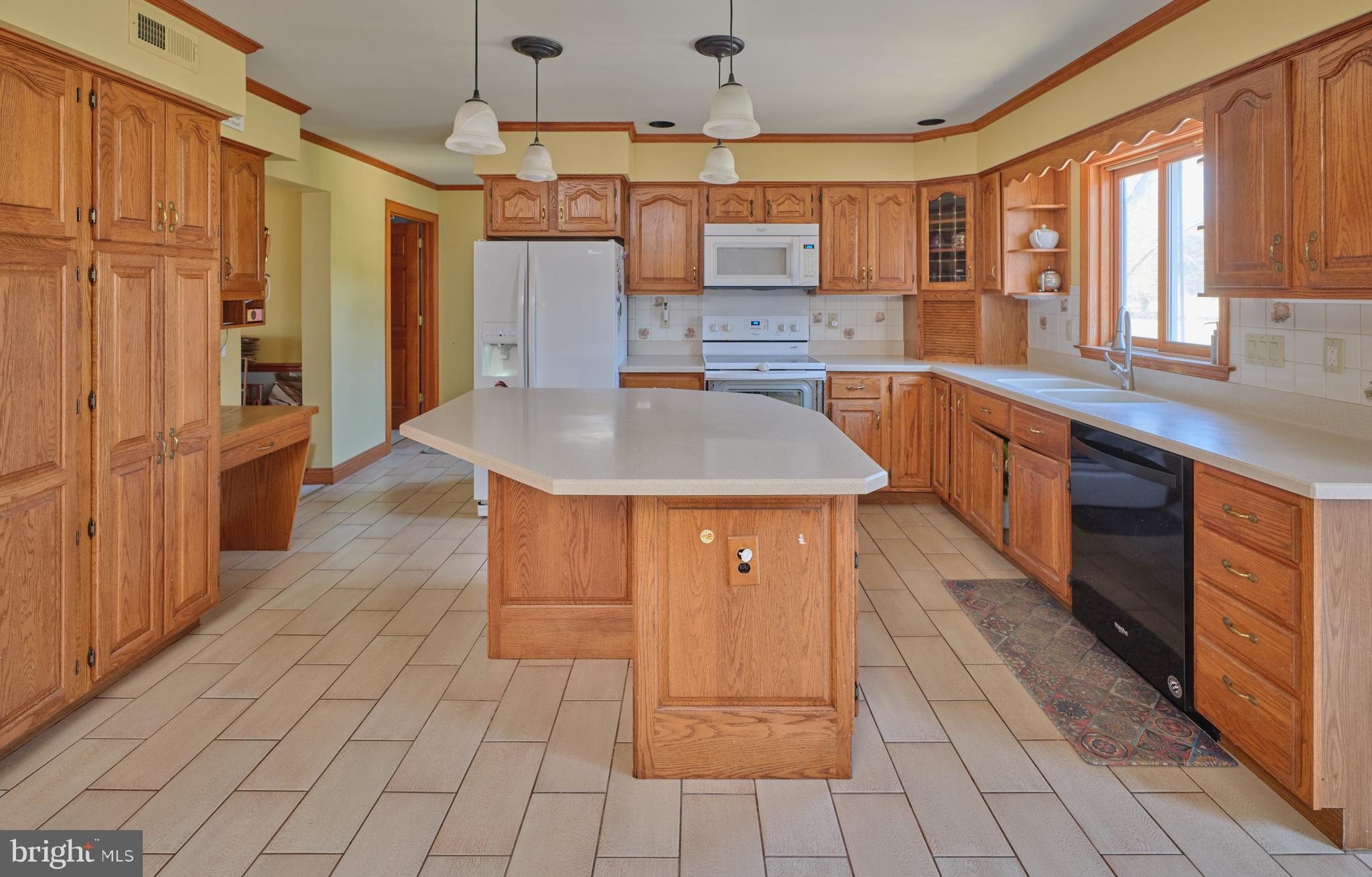 BROOKWOOD ESTS - Residential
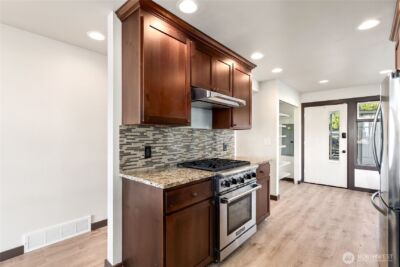 8726 Fruitland Avenue E, Puyallup, WA 98371 - Photo 6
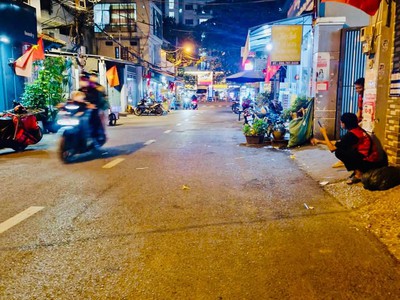 Chdv mặt tiền đối diện aeon mall   92m2  5 tầng thang máy sẵn dòng tiền 12.x tỷ 1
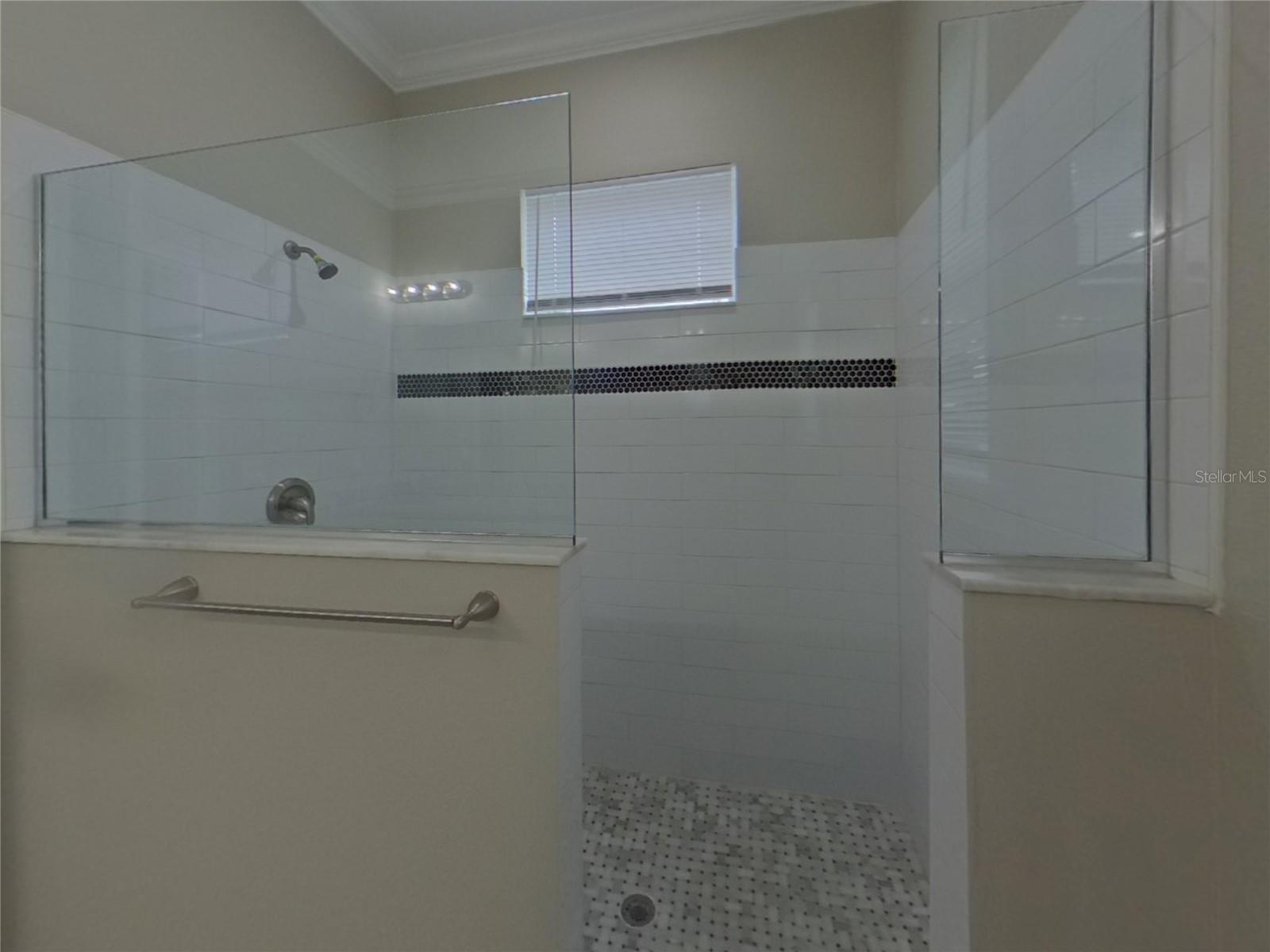 MENDELS RESUB OF BLOC - Residential Lease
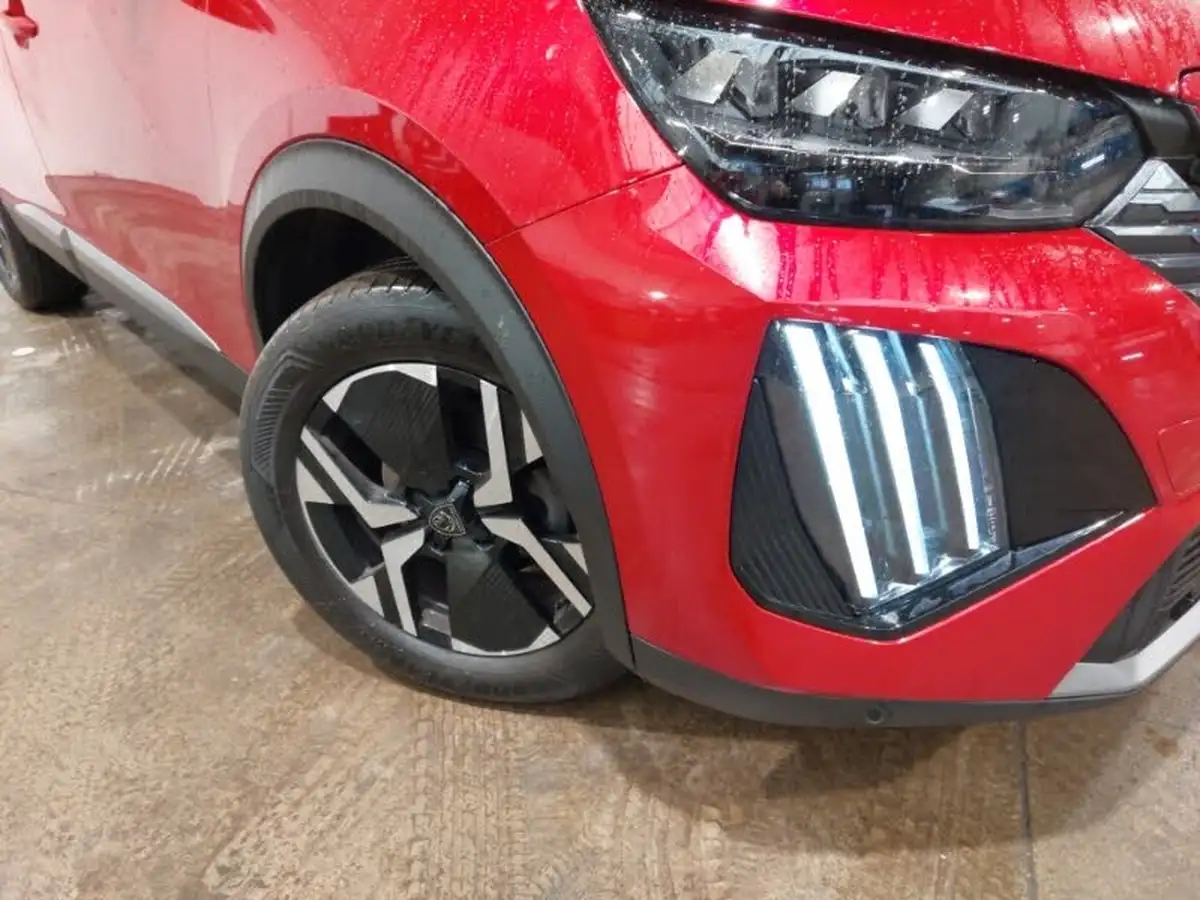 2023-peugeot-2008-suv-big-8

--------------------------------

## Task
From the line that contains "Chdv mặt tiền" through the last line of the listing, copy each line exactly; both end lines stay in, and pictures stay out.

## Reply
 Chdv mặt tiền đối diện aeon mall   92m2  5 tầng thang máy sẵn dòng tiền 12.x tỷ 1
 MENDELS RESUB OF BLOC - Residential Lease
 2023-peugeot-2008-suv-big-8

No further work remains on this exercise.